Na contramão do debate que procura instituir zonas de interesse de habitação social no Porto do Rio de Janeiro, a Barra da Tijuca, que também sediará grande parte das instalações olímpicas para 2016, quer se consolidar como o bairro exclusivo da elite. Pelo menos no que depender de Carlos Carvalho, único acionista da empreiteira Carvalho Hosken, em entrevista à BBC Brasil da última segunda-feira 10 de agosto. Detentora de mais de 10 milhões de metros quadrados de terra livre naquela região, o consórcio formado pela Carvalho Hosken, Odebrecht e Andrade Gutierrez tem expressiva participação nas obras do Parque Olímpico.
Tida como fronteira da expansão urbana carioca a partir dos anos 1980, a Barra da Tijuca tornou-se uma importante centralidade nas últimas duas décadas. Considerada também “o novo Centro carioca”, tal fato, por si só, já justificaria a necessidade de se destinar áreas de habitação de interesse social no bairro.

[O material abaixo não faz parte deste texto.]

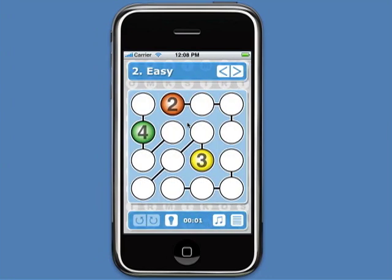In Strimco, a stream is a group of cells that is connected by lines, so here's a stream. The rules of Strimco are simple: in a 4x4 puzzle, each row, column, and stream must contain the numbers 1 through 4.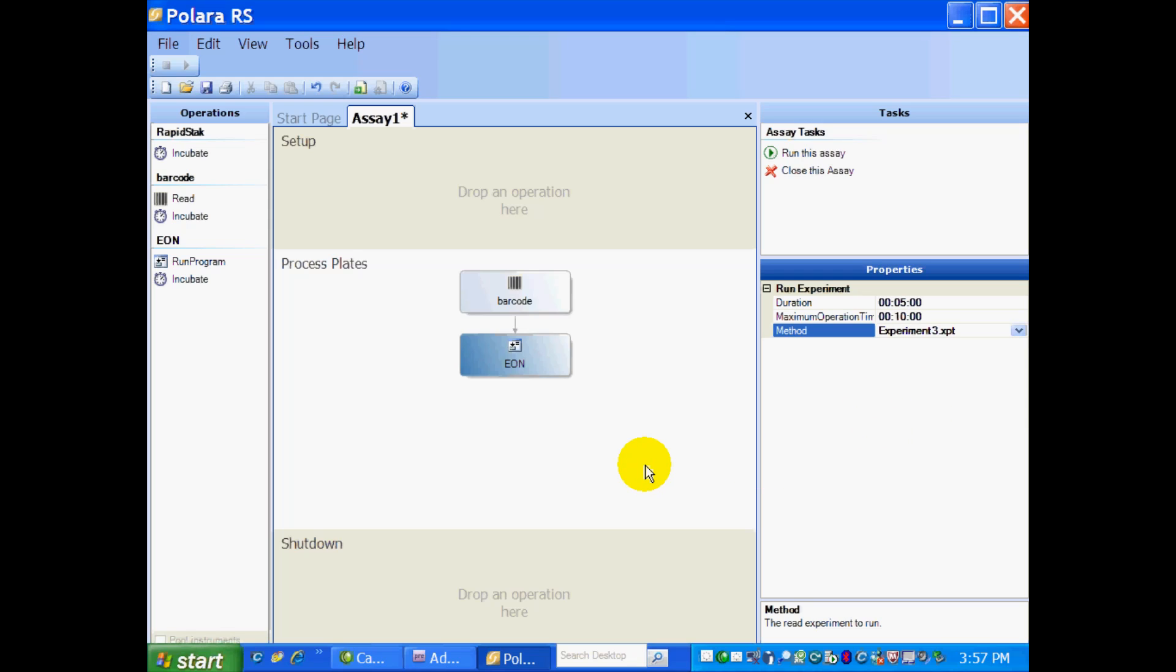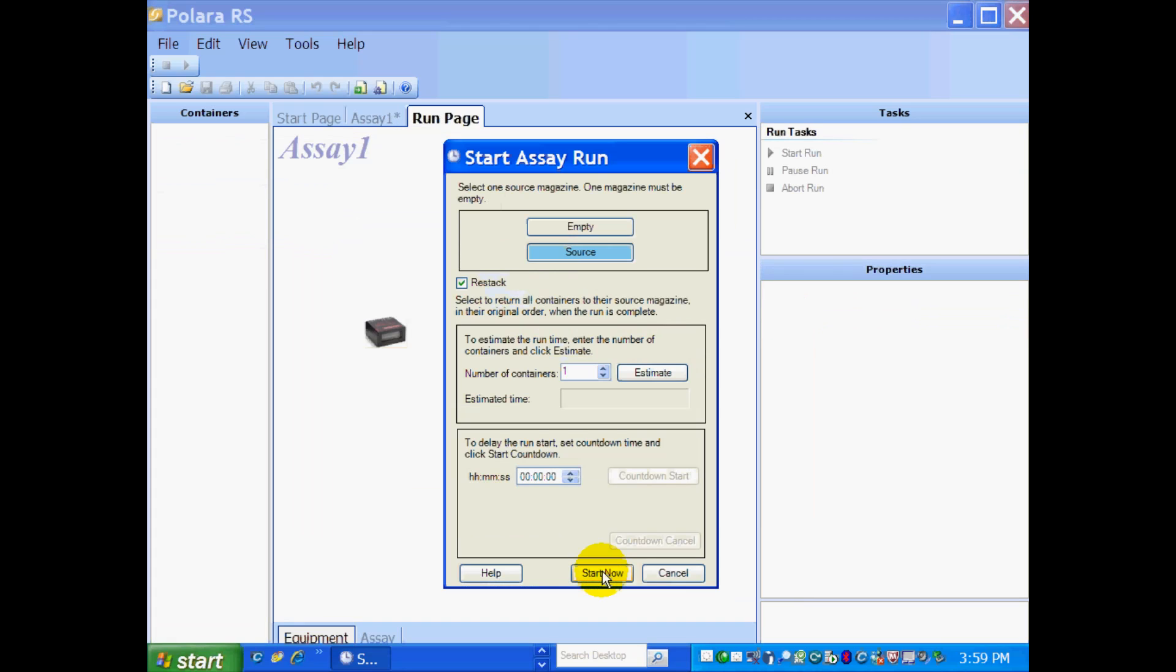And that's basically my process. It's going to read a barcode, send it to the reader, and then store the plate. So all we have to do now is select Run This Assay. On the Start Assay pop-up, I just select where my source plates are. I hit the Restack checkbox, and now all I have to do is select Start Now.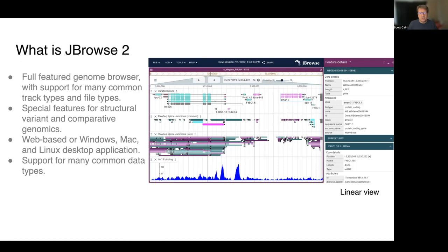JBrowse2 is a fully featured genome browser. It has support for many common track types and file types, and it has special features for doing structural variant analysis as well as comparative genomics. It is a web-based application or a Windows, Mac, and Linux desktop application, and they show the same feature set across them, with support for many common data types.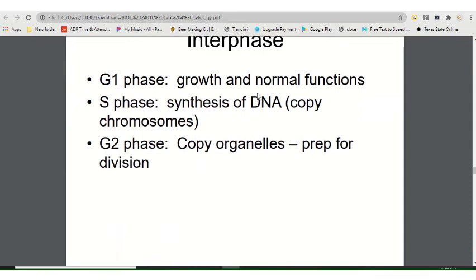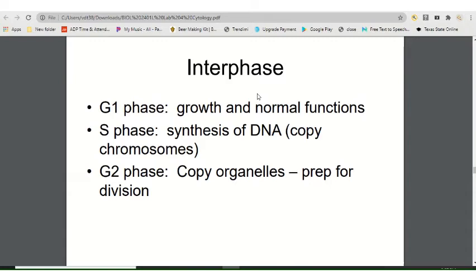In G1 phase, the cell grows and performs lots of metabolism. In S phase, DNA replication occurs — the cell makes an extra copy of its DNA to prepare for splitting into two cells. In G2 phase, the cell grows some more. That's interphase.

Seria uma forma de maior agregação social em área bem infraestruturada, contribuindo também positivamente para o mercado de trabalho e economia local.

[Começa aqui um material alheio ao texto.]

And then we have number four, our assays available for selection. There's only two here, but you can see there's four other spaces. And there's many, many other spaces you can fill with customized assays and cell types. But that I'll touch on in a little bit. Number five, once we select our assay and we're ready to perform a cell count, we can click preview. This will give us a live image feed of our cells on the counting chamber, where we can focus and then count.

No entanto, as investidas da Prefeitura têm convergido para outras estratégias. Uma delas é a implantação de corredores de ônibus expressos (como o Bus Rapid Transit –BRT), que prometem facilitar o deslocamento de trabalhadores entre a periferia e a Barra. Tal investimento justificaria às empreiteiras manter a produção de unidades habitacionais locais para o mercado voltado às classes mais altas, alternativa sem dúvida mais rentável a elas, mas que segue reproduzindo a lógica de segregação territorial nas metrópoles.
Esse é o caso da Carvalho Hosken. Proprietária de terras naquele local desde os anos 1970, quando a região da Baixada de Jacarepaguá ainda era um grande vazio urbano, a área contígua ao parque onde está sendo construída a Vila dos Atletas terá todos os seus edifícios convertidos em empreendimentos imobiliários de alto padrão. Assim que o Comitê Olímpico Internacional (COI) liberar as acomodações após os Jogos, os planos da empresa é que as obras de readequação dos imóveis sejam iniciadas até 2018.

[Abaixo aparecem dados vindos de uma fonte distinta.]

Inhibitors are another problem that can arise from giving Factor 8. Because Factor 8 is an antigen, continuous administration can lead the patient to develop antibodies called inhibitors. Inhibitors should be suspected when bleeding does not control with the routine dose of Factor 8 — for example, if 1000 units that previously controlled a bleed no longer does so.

Questionado sobre a necessidade de moradia popular no Rio de Janeiro a exemplo de Londres, cuja hospedagem dos atletas deu lugar a habitações de interesse social, Carlos Carvalho foi categórico: “Há muitos bairros que agasalham pessoas com poder aquisitivo mais modesto”. Em depoimento ao The Guardian, alegou que a Barra da Tijuca é um local destinado “à elite e ao bom gosto”.
Sobre a Vila Autódromo, comunidade em vias de remoção junto a um dos terrenos recém-adquiridos recentemente pela Carvalho Hosken por R$ 1 bilhão, Carvalho disse não estar envolvido no caso por tratar-se de um “problema político”.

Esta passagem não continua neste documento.